The school was badly damaged. It lost five art rooms, three home economics spaces, a staffroom and several offices in the blaze, which is seen as a possible case of arson.

Alas, this was not quite good enough for the loss assessors who live in hope of a grant-maintained inferno. Hextable was insured with Kent local education authority, who organised their own assessment.

“The first thing they asked was whether we were grant-maintained,” said Mrs Smith. “When we told them we were with the local authority they left.”

Governors at the confusingly named Harrogate Grammar School have chosen a different course, despite the evident comforts of a local authority’s disaster management schemes. They want the school, a comprehensive which starred in HM chief inspector’s recent list of outstanding schools, to opt out of council control.

First they organised a ballot of the parents, the result of which is awaited. Then they consulted the staff, a process fraught with difficulty as the tin ballot box proved impossible to open.

A hacksaw was eventually commissioned only to reveal a pile of slips saying “I have already voted in the union ballot”. This was an earlier poll which had, predictably, gone somewhat agin the grant-maintained wheeze.

The great Conservative mailshot scandal has moved on with a new culprit in the dock: the Rt Hon John Selwyn Gummer MP, newly Catholic Secretary of State for the Environment.

Two Richmond MPs, former party chairman Jeremy Hanley and Toby Jessel, have already been caught out using House of Commons note paper and the free postal service for what amounted to press releases. They wrote to school governors and headteachers in their constituencies as part of a co-ordinated campaign, extolling the virtues of Conservative education spending.

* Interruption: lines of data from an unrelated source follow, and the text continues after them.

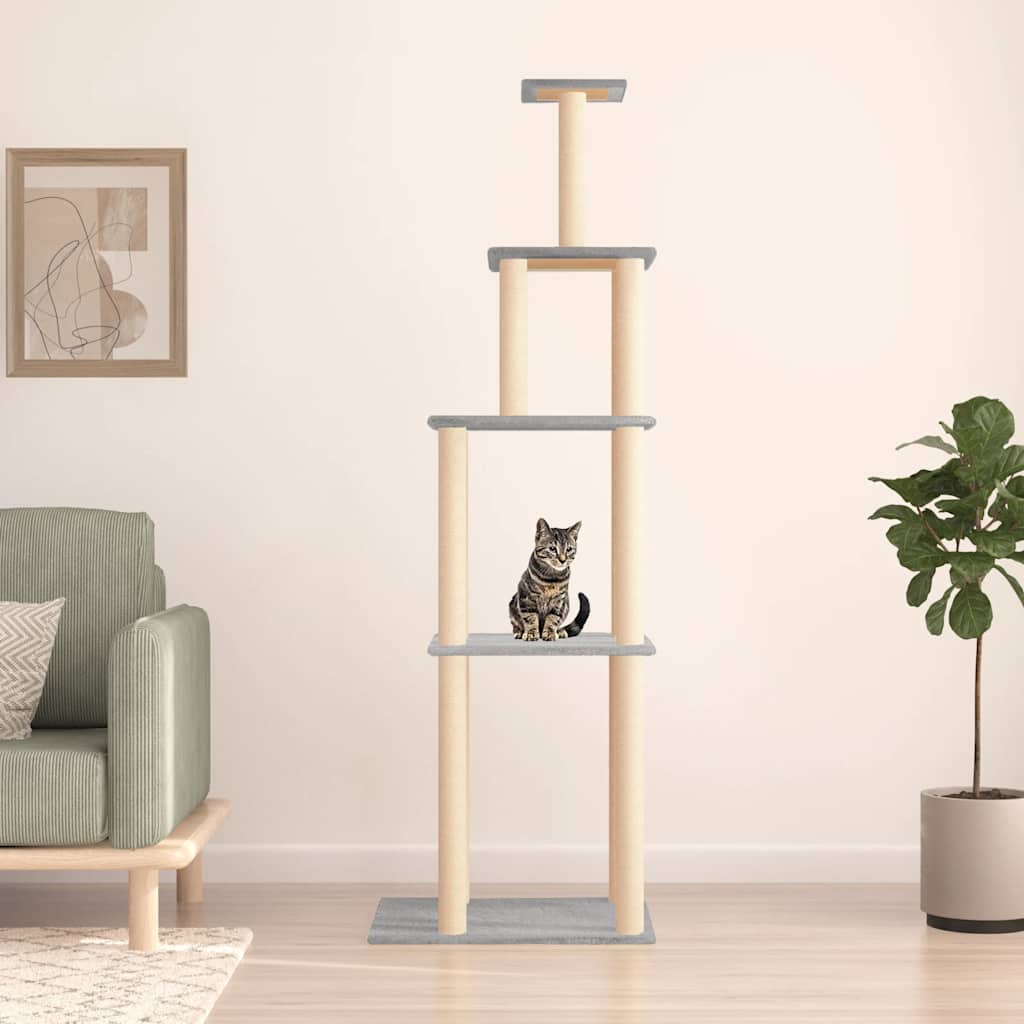 8720845766894_m_en_hd_1.jpg Kattenmeubel met sisal krabpalen 183 cm lichtgrijs - Afbeelding 1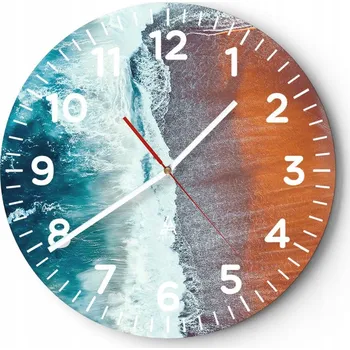 Hodiny Kuchyňské nástěnné hodiny 30x30 Pláž Moderní skleněné hodiny do obýváku Tiché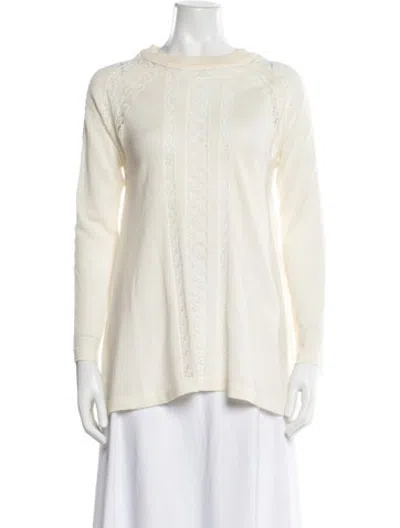 Pre-owned Ermanno Scervino Virgin Wool Patterned Sweater In Neutrals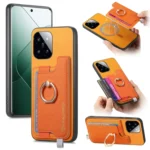 Retro Magsafe Cross Leather Ring Holder Card Bag Phone Case, For Xiaomi 14, For Xiaomi Redmi Note 13 5G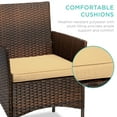 thumbnail image 5 of Best Choice Products 3-Piece Outdoor Wicker Conversation Patio Bistro Set, w/ 2 Chairs, Table - Brown/Tan, 5 of 8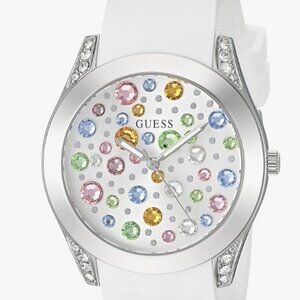 GUESS Silver-Tone + White Stain Resistant Silicone Multi-Colored Crystal Watch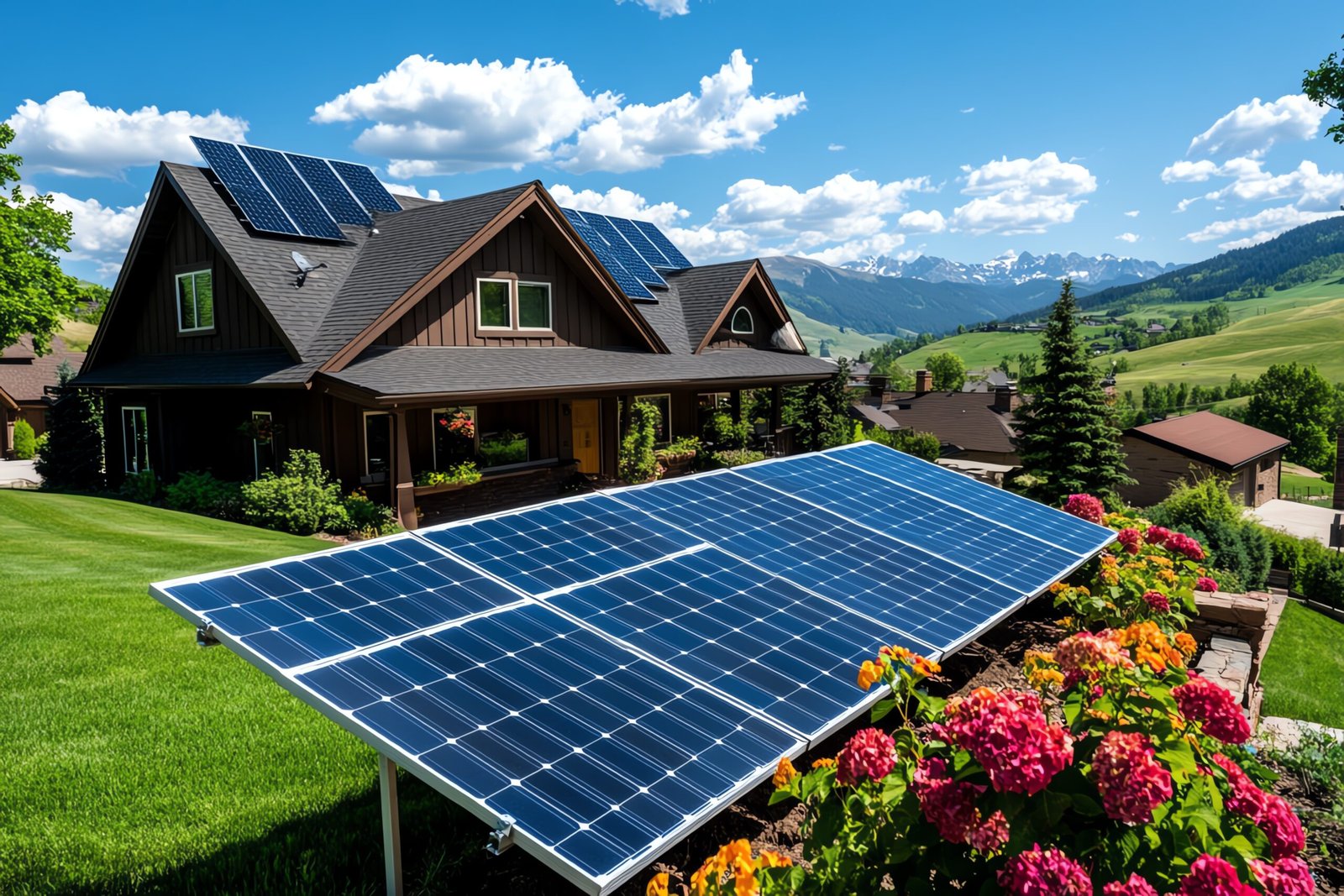 A modern house with solar panels installed on its roof under a sunny sky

Mr Gummer, another former party chairman, has been at the same game. The official portcullis sits atop the riveting “news” that the Suffolk standard spending assessment for education is up a grand 5.7 per cent. As Environment Secretary he is in a good position to know such things.

How strange that he neglected to mention, first, that Suffolk already spends more than the SSA. And, second, that the government grant to Suffolk, a rather crucial element in Suffolk’s ability to pay, has been reduced this year. The county’s schools received Mr Gummer’s missive, but their governors did not. County Hall, smelling a rat perhaps, refused to give him the relevant names and addresses.

Will he get into trouble for wasting public money in this way, you rightly ask?

Probably not, judging from the cases of Hanley and Jessel who, it would appear, received not so much as a slap on the wrist.

Academics at Nottingham Trent University are still to be persuaded that former education secretary Kenneth Clarke fully deserves his proposed honorary degree “for services to education”.

As it happens, Mr Clarke is well acquainted with the chairman of Trent University’s board of governors, a chap called Sir David White.

While Mr Clarke was secretary of state for health, Sir David was, and still is, the chairman of the Nottingham Health Authority. While Mr Clarke was education secretary, Sir David was a trustee of the Djanogly City Technology College and a governor at Nottingham Polytechnic. Sir David is a fellow old boy of Nottingham High School and, like Mr Clarke, a fan of Nottingham Forest.

Some lecturers have threatened legal action over the award. They point out that Mr Clarke’s latest service to education is, as Chancellor of the Exchequer, a Pounds 300 million cut in the budget for higher education. But this week, the governors agreed to plough ahead regardless.

The Cambridge bookseller Galloway and Porter is having no luck in its bid to shift Things to come - the Tories in the 21st century. This is the hugely remaindered oeuvre of one-time education secretary John Patten, originally on sale at an incredible Pounds 17.99.

Stacks of his indigestible ramblings almost engulfed a recent warehouse sale, our spies report, even at the desperate price of Pounds 1 for the hardback.